Things from today that I will never forget.

1. Carolyn's laugh.

2. Running behind the ice cream van with Gillian and shouting "Stop! Stop!"

3. Playing rounders in Roath Park with no shoes on and getting sun burnt on my nose.

4. Relishing the moments when a swift breeze would cool my hot skin.

5. Walking the long way home with 'Love Supreme' by the Turn Table Rockers blasting in my ears.

6. Playing 'Marco Polo' in Tesco.

7. JC lending me his first edition copy of 'Jimi Hendrix - Electric Gypsy' to read as a summer project.

8. This joke: A Fisherman and a Priest are in a boat, and the fisherman catches a huge fish. He says, "Look at the size of that fucker!" The Priest turns to the Fisherman and replies, "You can't say that, I'm a man of God." Thinking on his feet, the Fisherman says, "No, that's what it's called. It's a Fucker Fish!" The Priest then says, "Ok, I'll take that Fucker home for you."

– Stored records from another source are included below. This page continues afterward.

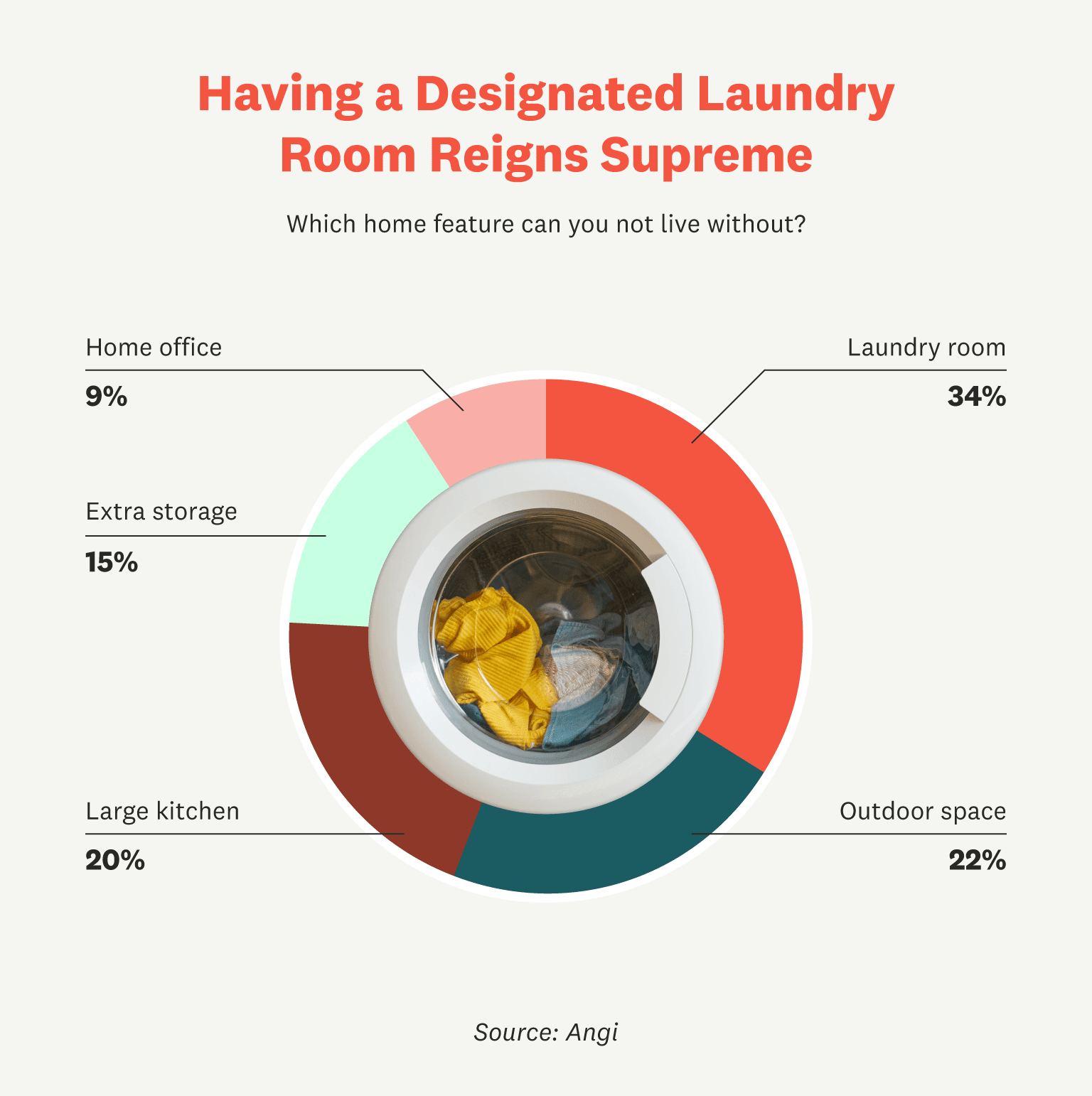 laundry room home feature stats infographic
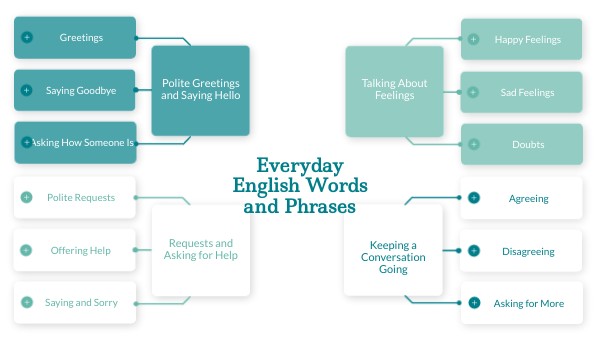 Everyday English Words and Phrases | Genially
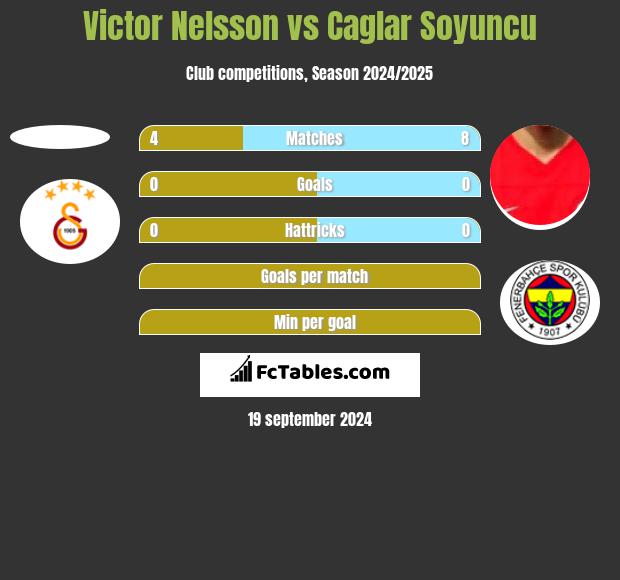 Victor Nelsson vs Caglar Soyuncu h2h player stats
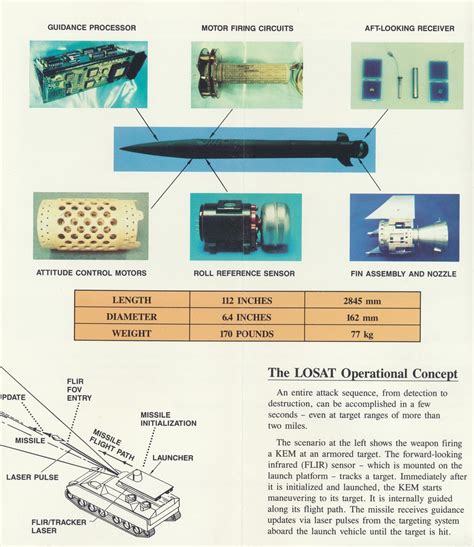 LOSAT missile program 009 | Rick & Barb Eshleman | Flickr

They get home and the Bishop is there. "That's a huge fish." He says, to which the Priest replies, "Yes, I brought that Fucker home." The Bishop says, "You can't say that in front of me, I'm a man of God!" The Priest replies, "No, no, that's it's name, it's called a Fucker Fish." "Well ok," the Bishop says, "I'll wash that Fucker for you."

The Mother Superior comes round and comments on the huge fish the Fisherman has caught, to which the Bishop says, "Yes, I washed that Fucker." The Mother Superior says, "You can't say that, I'm a woman of God!" "No, no," says the Bishop, "That's what it's called, it's a Fucker Fish." "Ok, well the Pope is coming round for dinner, I'll cook that Fucker for you."

So the Pope comes round and everyone eats the fish and generally has a lovely time, and eventually the Pope says, "You know, that was a really nice fish."

"I caught that Fucker." says the Fisherman.

"I brought that Fucker home." says that Priest.

"I washed that Fucker." says the Bishop.

"And I cooked that Fucker." says the Mother Superior.

The Pope puts down his knife and fork, pours himself a glass of whisky and looks around the table, and says, "You know what...you cunts are alright."